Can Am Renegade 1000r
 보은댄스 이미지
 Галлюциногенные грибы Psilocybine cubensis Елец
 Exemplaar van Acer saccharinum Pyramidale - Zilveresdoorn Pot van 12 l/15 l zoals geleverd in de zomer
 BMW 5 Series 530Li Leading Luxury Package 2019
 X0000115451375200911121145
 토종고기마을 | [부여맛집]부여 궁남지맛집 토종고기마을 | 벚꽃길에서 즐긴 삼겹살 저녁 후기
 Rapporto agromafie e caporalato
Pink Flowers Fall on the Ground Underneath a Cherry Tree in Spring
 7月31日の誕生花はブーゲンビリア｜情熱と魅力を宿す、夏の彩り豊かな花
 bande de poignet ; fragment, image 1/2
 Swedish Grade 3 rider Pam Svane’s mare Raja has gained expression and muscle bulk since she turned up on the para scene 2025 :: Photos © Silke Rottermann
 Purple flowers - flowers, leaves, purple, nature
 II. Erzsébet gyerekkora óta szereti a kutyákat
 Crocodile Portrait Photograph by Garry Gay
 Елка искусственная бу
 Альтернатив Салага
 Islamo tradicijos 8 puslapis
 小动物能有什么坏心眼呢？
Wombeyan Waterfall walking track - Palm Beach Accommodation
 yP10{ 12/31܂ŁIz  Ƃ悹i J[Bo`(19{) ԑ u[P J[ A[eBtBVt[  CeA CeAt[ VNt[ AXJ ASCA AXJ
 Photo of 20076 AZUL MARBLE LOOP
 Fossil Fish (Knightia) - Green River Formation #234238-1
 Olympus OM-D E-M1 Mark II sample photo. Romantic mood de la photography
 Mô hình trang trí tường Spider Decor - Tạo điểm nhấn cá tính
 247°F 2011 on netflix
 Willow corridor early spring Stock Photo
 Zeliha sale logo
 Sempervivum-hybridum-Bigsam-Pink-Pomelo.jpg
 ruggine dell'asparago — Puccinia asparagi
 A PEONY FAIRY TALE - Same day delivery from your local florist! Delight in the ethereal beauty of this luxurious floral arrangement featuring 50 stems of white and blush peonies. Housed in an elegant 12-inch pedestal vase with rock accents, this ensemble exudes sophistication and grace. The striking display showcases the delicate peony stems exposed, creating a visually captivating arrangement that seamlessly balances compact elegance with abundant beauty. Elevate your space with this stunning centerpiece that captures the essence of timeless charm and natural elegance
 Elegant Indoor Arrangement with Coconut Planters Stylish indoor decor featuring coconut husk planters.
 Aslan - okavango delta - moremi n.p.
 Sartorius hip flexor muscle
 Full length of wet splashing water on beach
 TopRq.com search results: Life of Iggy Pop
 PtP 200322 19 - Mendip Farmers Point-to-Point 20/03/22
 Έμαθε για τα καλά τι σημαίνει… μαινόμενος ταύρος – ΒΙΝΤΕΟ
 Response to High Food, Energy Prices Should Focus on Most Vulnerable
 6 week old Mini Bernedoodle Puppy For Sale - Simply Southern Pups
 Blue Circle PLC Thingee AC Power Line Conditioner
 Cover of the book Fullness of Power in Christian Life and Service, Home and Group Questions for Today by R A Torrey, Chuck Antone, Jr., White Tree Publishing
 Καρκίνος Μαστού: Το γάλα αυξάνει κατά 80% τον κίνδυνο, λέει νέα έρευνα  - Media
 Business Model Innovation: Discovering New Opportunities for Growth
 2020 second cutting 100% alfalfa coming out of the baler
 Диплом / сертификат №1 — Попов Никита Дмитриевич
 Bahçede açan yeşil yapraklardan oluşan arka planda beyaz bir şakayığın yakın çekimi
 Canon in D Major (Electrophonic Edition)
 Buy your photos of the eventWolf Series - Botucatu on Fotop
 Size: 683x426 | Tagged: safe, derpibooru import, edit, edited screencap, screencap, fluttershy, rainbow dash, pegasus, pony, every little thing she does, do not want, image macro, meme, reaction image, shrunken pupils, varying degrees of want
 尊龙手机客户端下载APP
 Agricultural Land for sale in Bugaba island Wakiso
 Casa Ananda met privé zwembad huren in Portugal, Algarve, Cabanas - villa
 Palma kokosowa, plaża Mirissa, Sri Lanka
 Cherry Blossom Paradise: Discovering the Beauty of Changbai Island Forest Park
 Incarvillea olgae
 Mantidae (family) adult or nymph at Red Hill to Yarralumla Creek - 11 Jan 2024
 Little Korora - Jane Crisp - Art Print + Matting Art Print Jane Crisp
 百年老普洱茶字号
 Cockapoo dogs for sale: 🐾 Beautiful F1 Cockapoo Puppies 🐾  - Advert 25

---

▸ YOUR GOAL:
Quote, word for word, every line starting at the one that contains "Casa Ananda met" and ending with the final line of the entries.

▸ RESPONSE BOX:
 Casa Ananda met privé zwembad huren in Portugal, Algarve, Cabanas - villa
 Palma kokosowa, plaża Mirissa, Sri Lanka
 Cherry Blossom Paradise: Discovering the Beauty of Changbai Island Forest Park
 Incarvillea olgae
 Mantidae (family) adult or nymph at Red Hill to Yarralumla Creek - 11 Jan 2024
 Little Korora - Jane Crisp - Art Print + Matting Art Print Jane Crisp
 百年老普洱茶字号
 Cockapoo dogs for sale: 🐾 Beautiful F1 Cockapoo Puppies 🐾  - Advert 25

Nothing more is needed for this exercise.